Several cities around the U.S. have laws or programs promoting low-embodied-carbon concrete. Marin County, Calif., adopted a building code, effective early this year, that seems to go furthest: Rather than offering tax or price incentives, it specifically requires limited carbon emissions from concrete. In Seattle, the city’s Green Building Standard offers expedited permitting for projects that meet embodied carbon criteria.
“Timing is just perfect, given where we are as a country and a society,” Oneglia says about the Pozzotive factory in Beacon Falls, Conn., which opened with a virtual ribbon cutting ceremony due to COVID-19 distancing concerns.

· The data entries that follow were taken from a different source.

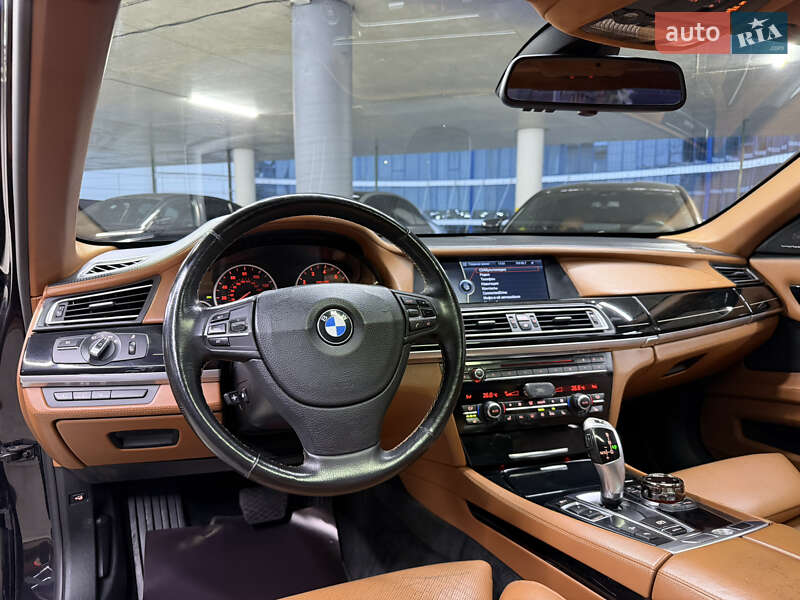 Седан BMW 7 Series 2010 в Одессе
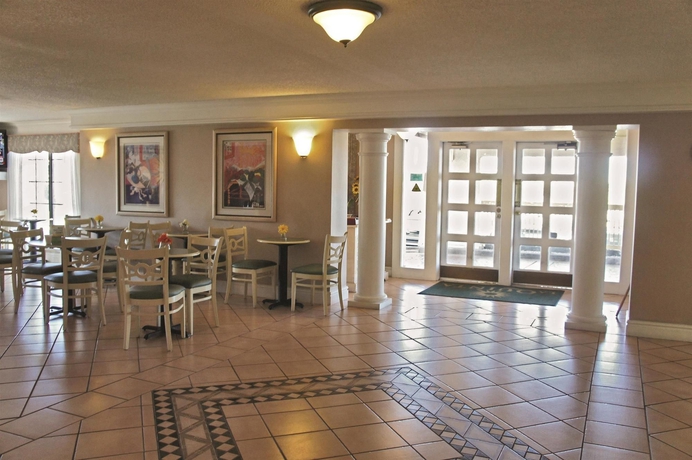 Imagen del bar/restaurante del Hotel La Quinta Inn By Wyndham Albuquerque Airport. Foto 3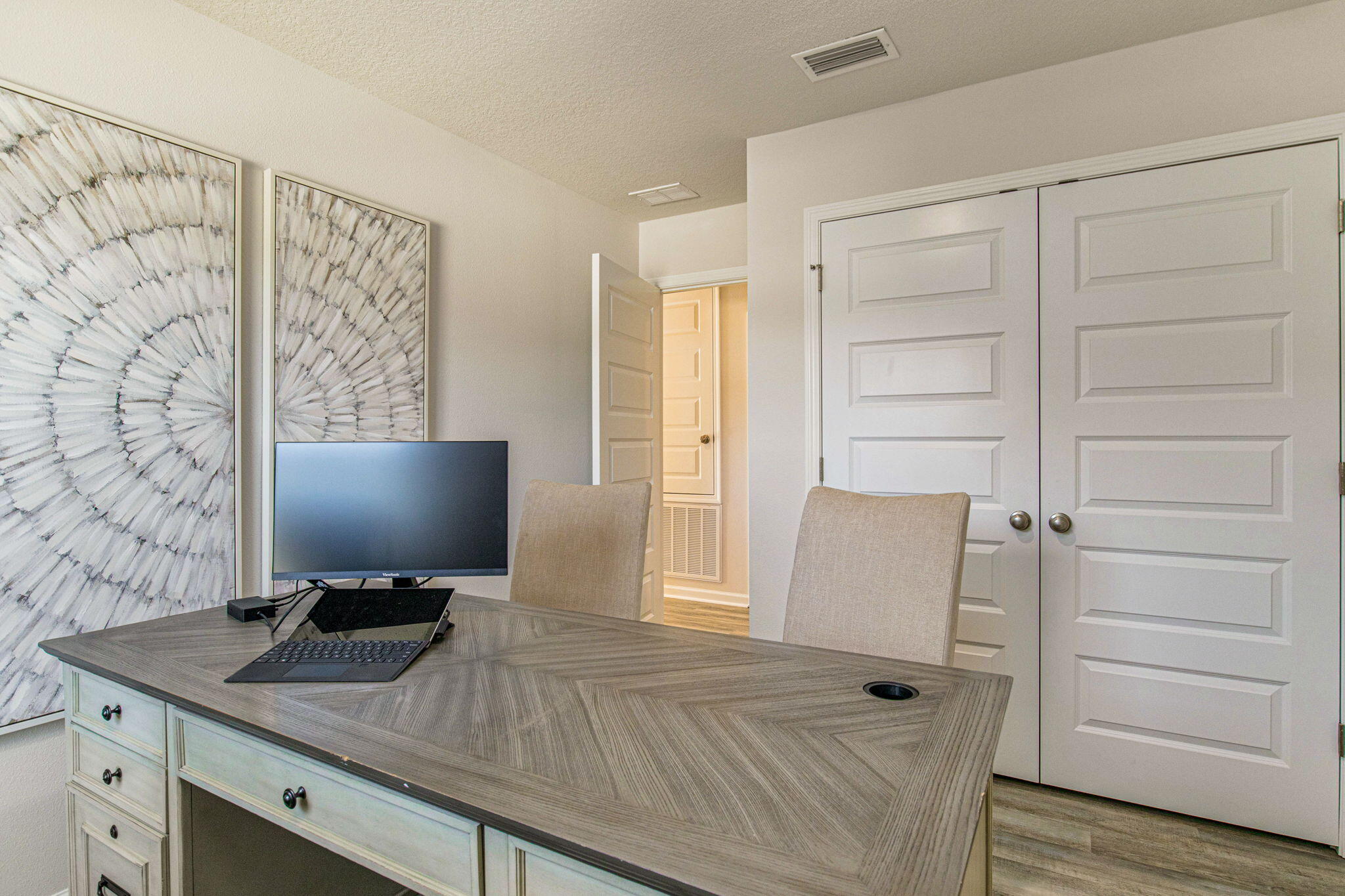 RIVERS COVE - Residential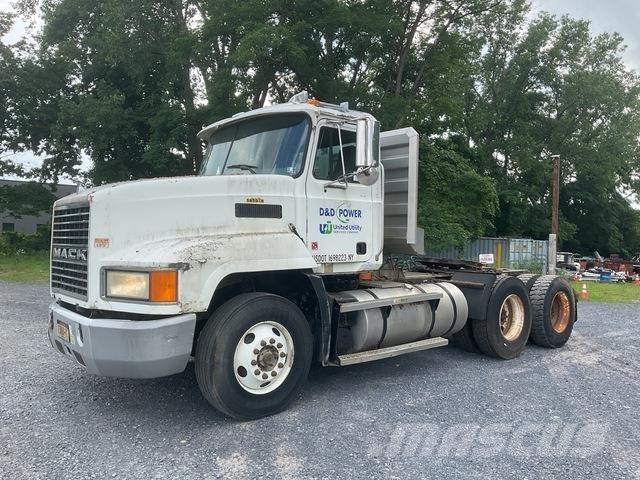 Mack CH613 Vlačilci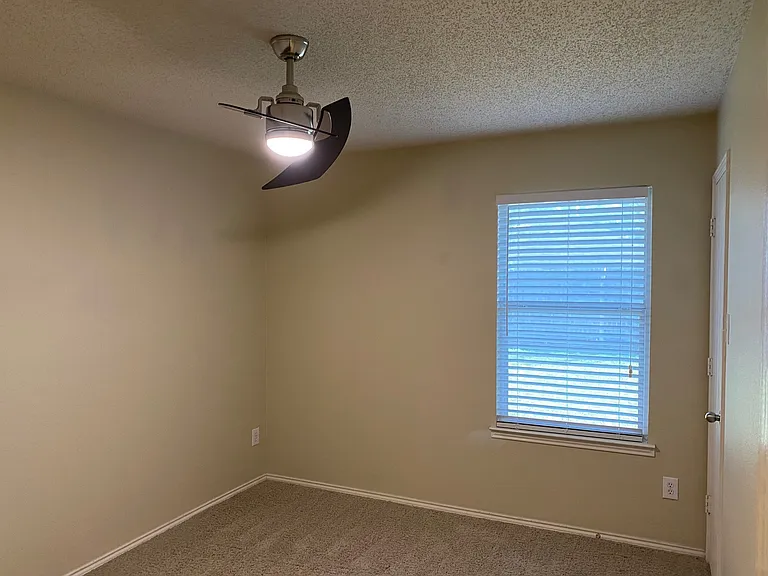 9909 Carter Dr — Photo 24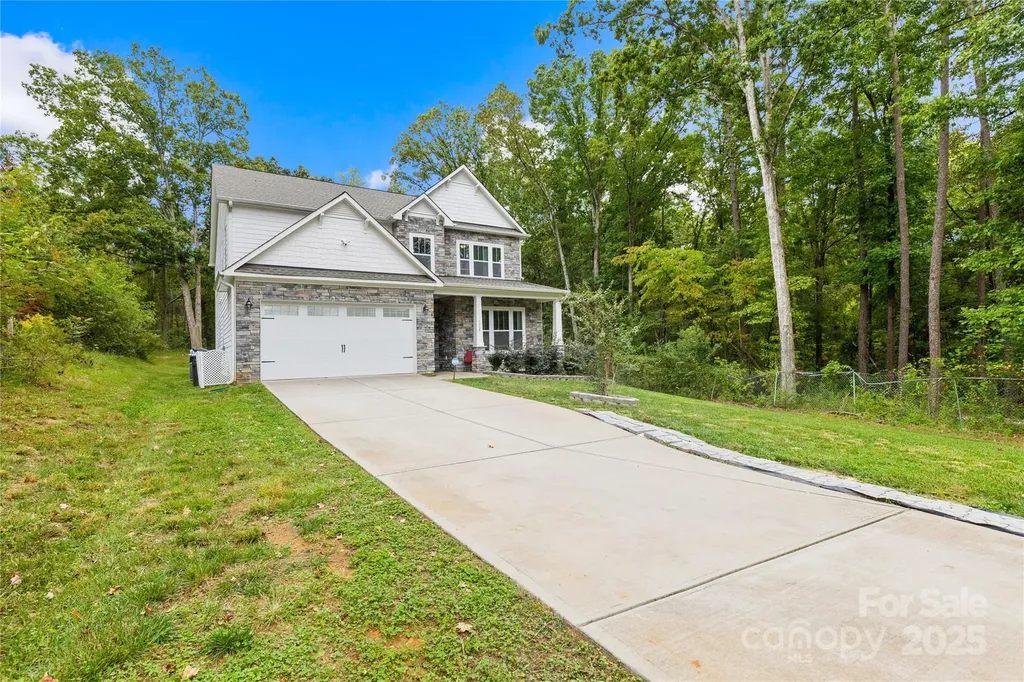 1727 Grace Lane Charlotte NC 28262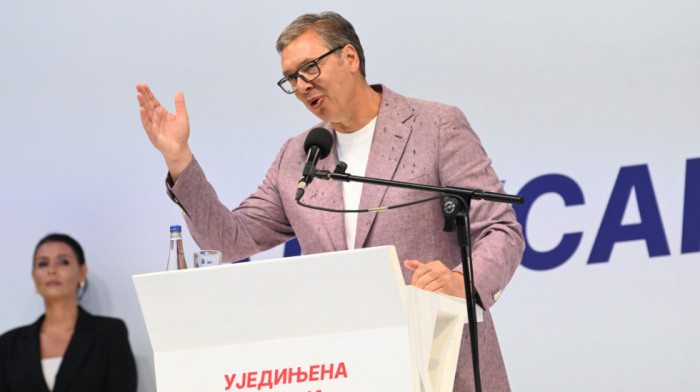 Vučić o blokadama pred SNS miting: Iz cele Srbije skupilo ih se svega 230 da spreče zakonit skup, mi hoćemo demokratiju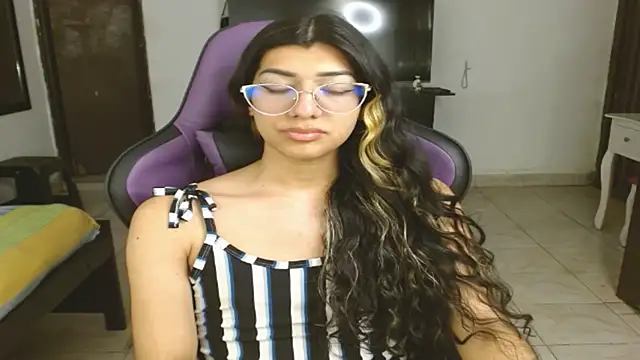 Snapshot of engielphoenis14 chatting on February 2025 07:13:02 AM engielphoenis14 online show from February 2025 07:13:02 AM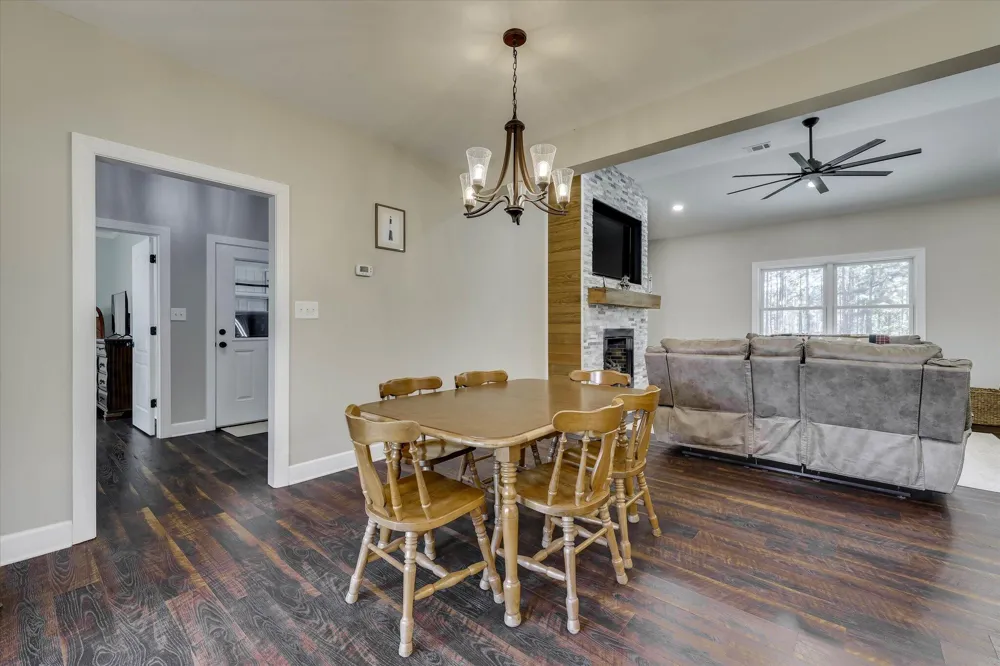 10596 Sand Valley Road Avera, GA 30803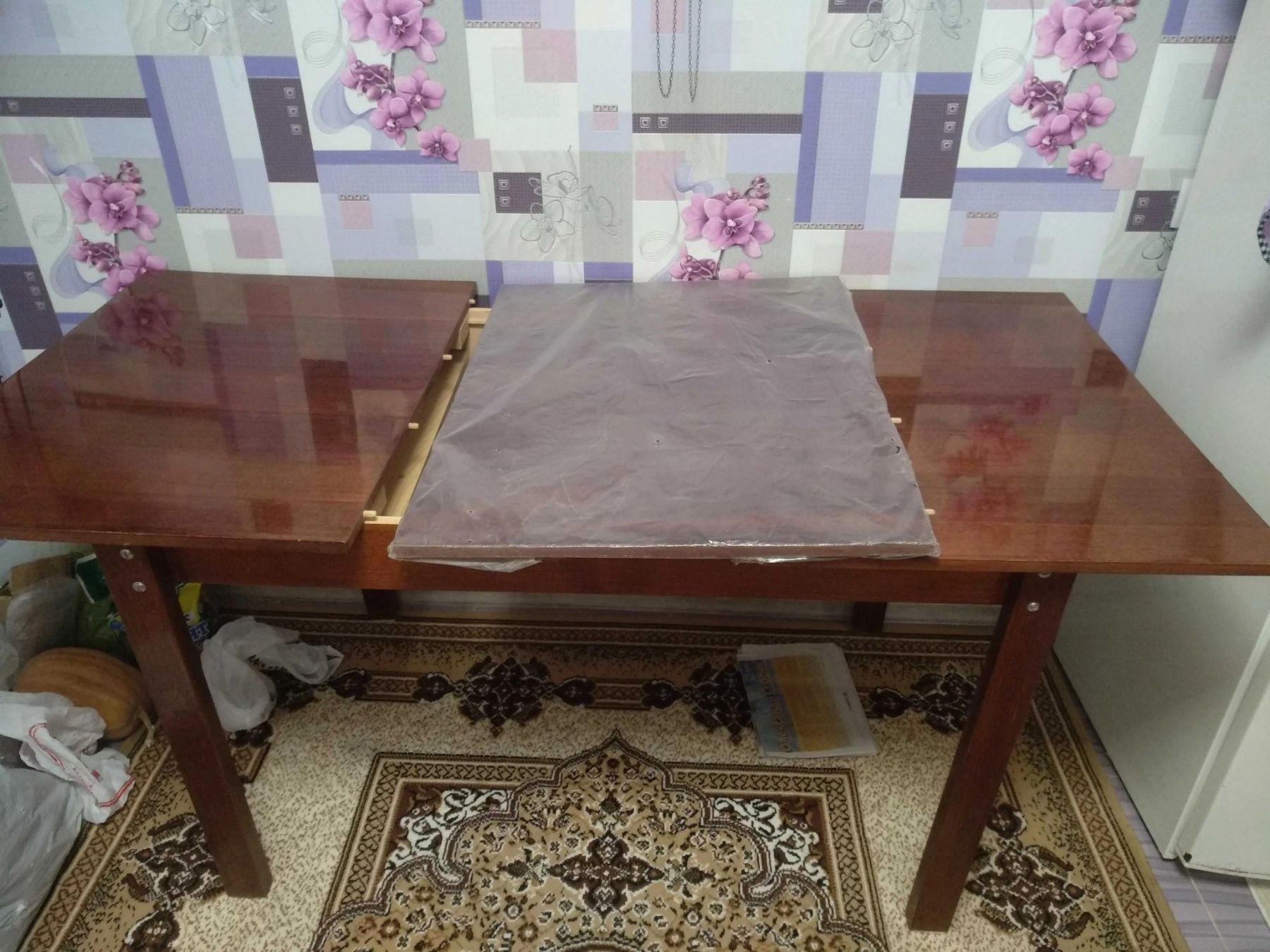 Стол про-во Румыния из набора мебели «Мирела»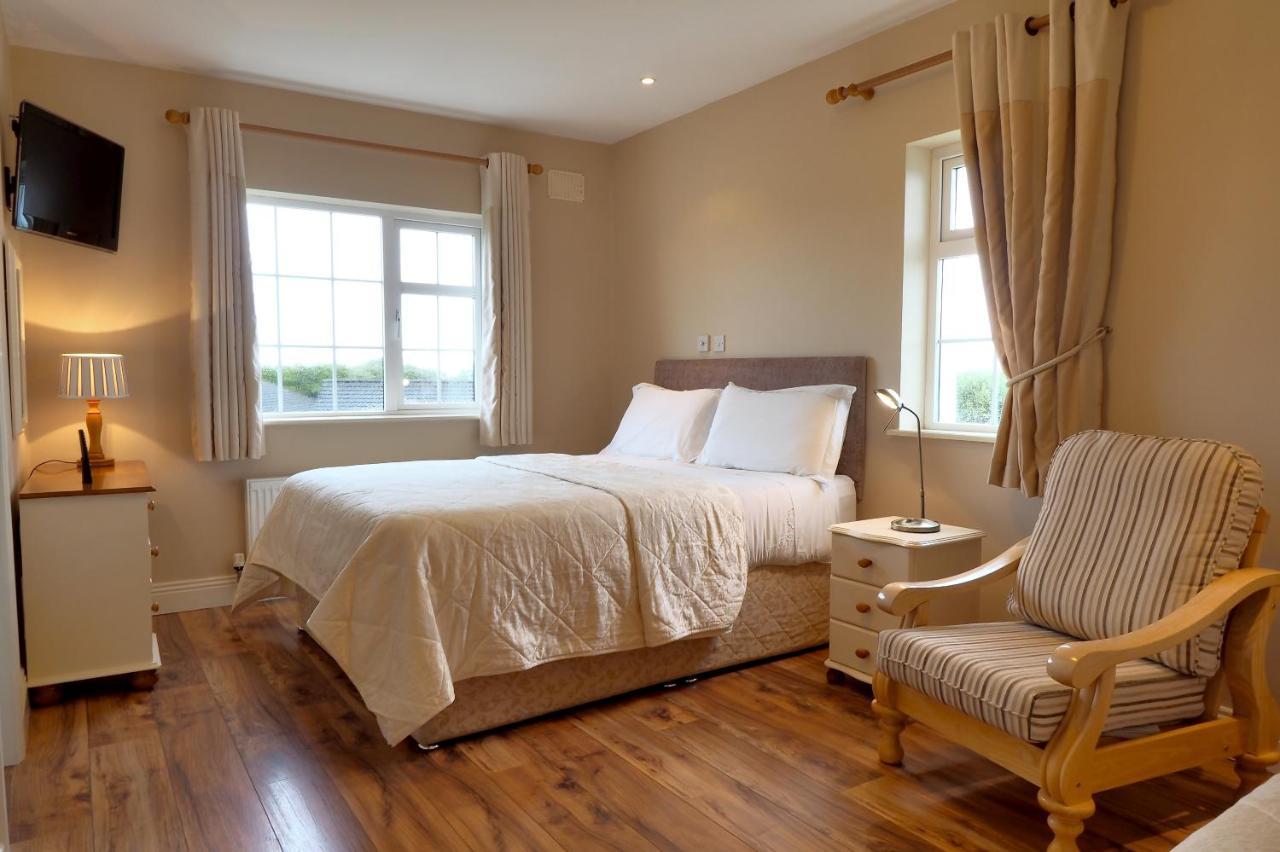 Hillcrest Luxury Apartment Kilrush Esterno foto
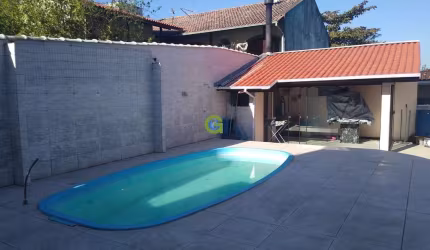 Casa Semi-Mobiliada à venda na Fazenda Santo Antônio, São José com 186,48 m² de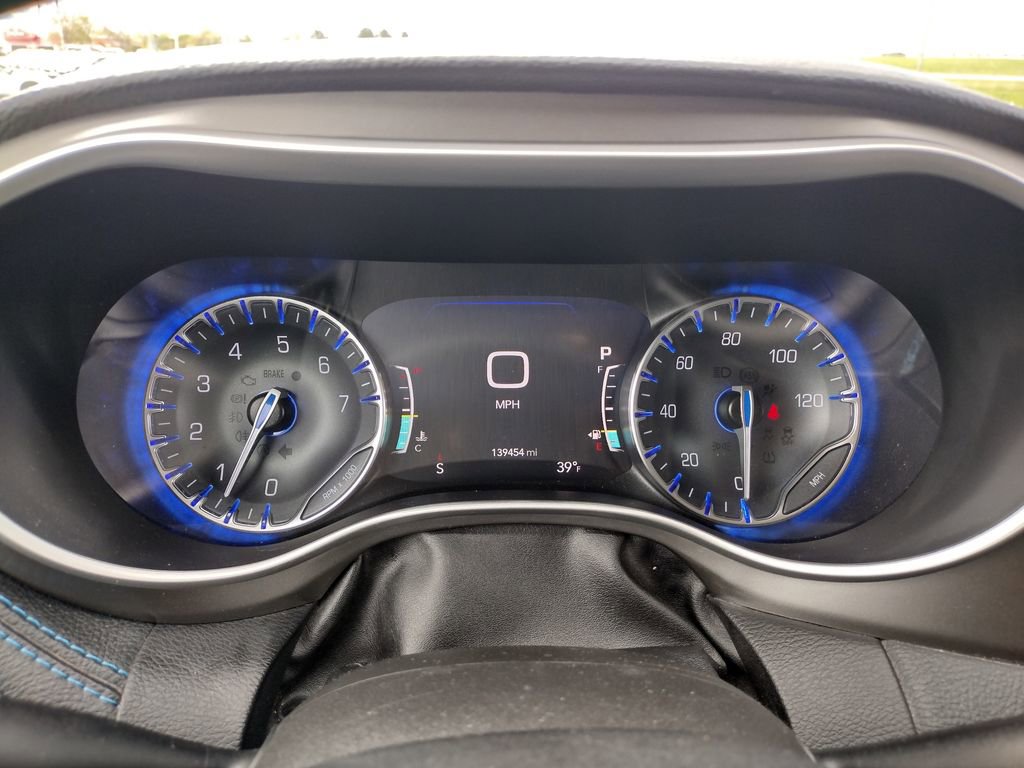 Used 2021 Chrysler Pacifica Touring-L FWD image 23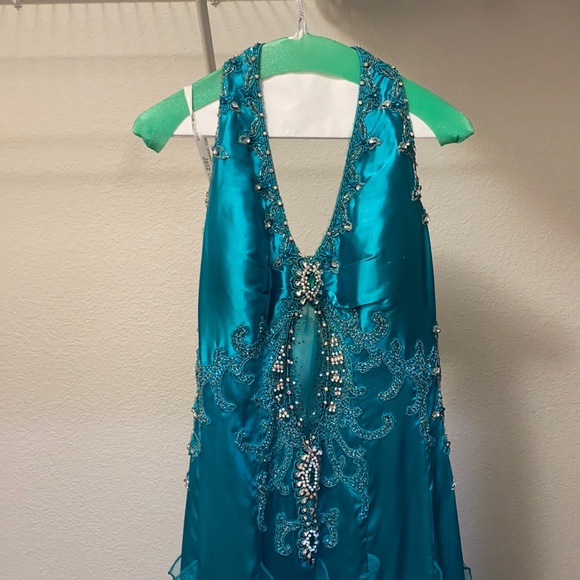 Beautiful gown, only worn once - Picture 1 of 5
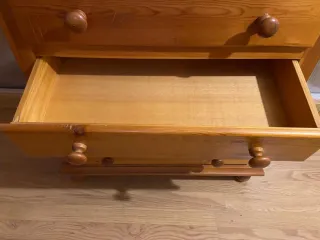 Cómoda de madera con cajones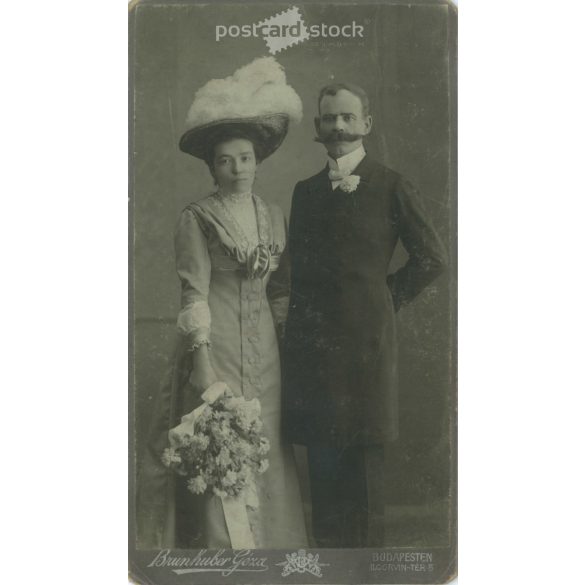 1900-as évek eleje. Váradi Gáspárné és férje, esküvői fotó. Brunhuber Géza, fényképészeti műterme, Budapest. Eredeti kabinetfotó / keményhátú fotó / vizitkártya, CDV fotó. (2792240)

Also timely: the ASTM-C1866 standard specification for ground glass pozzolan used in concrete, was published in March this year. Bohan says: “With the adoption of that specification, we expect to see others enter the market for this particular product.”
But Pozzotive has been in the works for about a decade, started by Grasso’s brother and Oneglia’s cousin. Before building the factory, Grasso says, they made the ground glass as needed for specific projects, and it’s now been used in more than 10 million concrete masonry units, 750,000 sq ft of pavers and 500,000 sq ft of pre-stressed concrete planks and blocks in New York City projects including the United Nations Plaza, a Whole Foods market and Second Avenue Subway stations.
The new factory’s green benefits go beyond creating low-carbon concrete, Grasso says. It can clean and process any type of glass in the recycling stream, including CRT panel glass, even if it’s contaminated by Pyrex or ceramics. He adds that two-thirds of post-consumer glass ends up in landfills, but Pozzotive will be able to recycle and reuse any of that material.
In turn, the product, whose factory is located about 80 miles from New York City, can help area contractors achieve greener projects and possibly qualify for transportation distance-related and other incentives if New York state lawmakers take action on the proposed bills next year.